DATASET SECTION |
::::::::

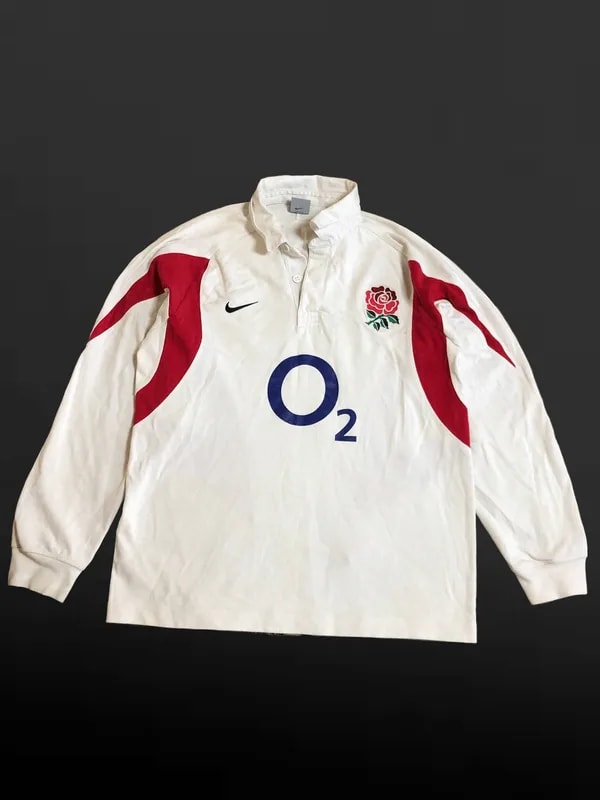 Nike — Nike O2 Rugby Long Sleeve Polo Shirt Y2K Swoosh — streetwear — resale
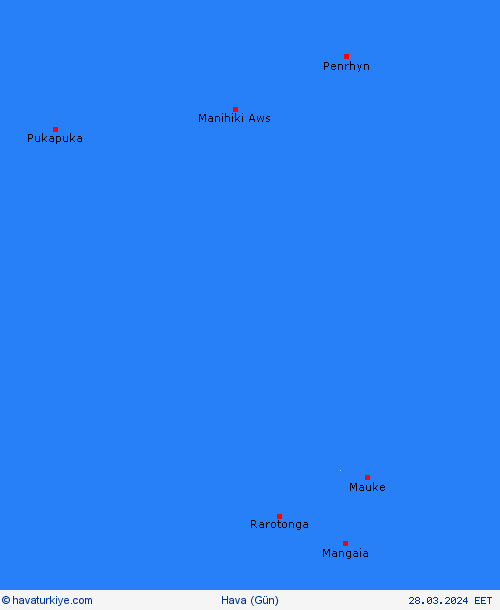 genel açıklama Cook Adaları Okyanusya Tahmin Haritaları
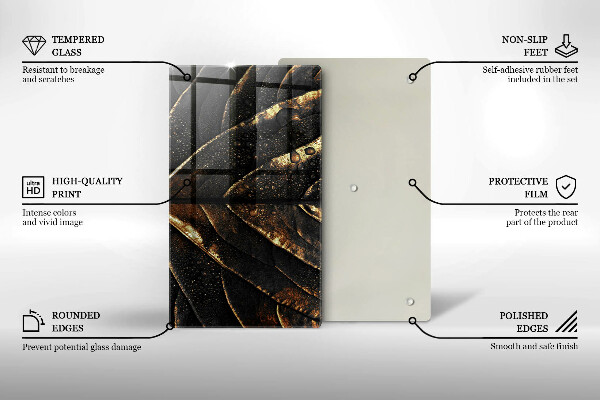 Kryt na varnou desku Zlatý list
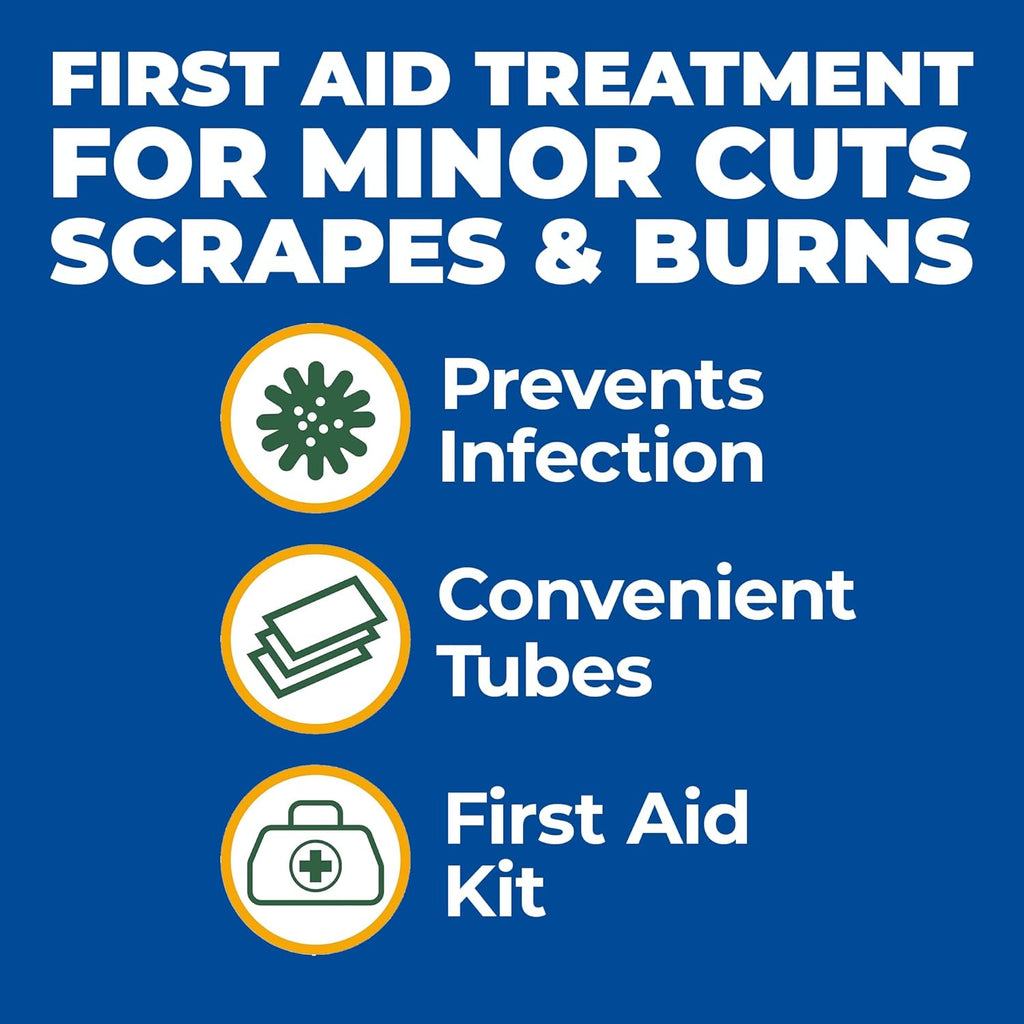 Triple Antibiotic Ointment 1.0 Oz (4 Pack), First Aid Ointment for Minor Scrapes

::::::::

WORK INSTRUCTIONS | Transcribe, please, the lines from the one holding "genel açıklama Cook" to the final line of the material, both included, exactly and with no extra lines, and skip the pictures.

OUTPUT FOR THIS TASK |
 genel açıklama Cook Adaları Okyanusya Tahmin Haritaları
 Kryt na varnou desku Zlatý list
 Triple Antibiotic Ointment 1.0 Oz (4 Pack), First Aid Ointment for Minor Scrapes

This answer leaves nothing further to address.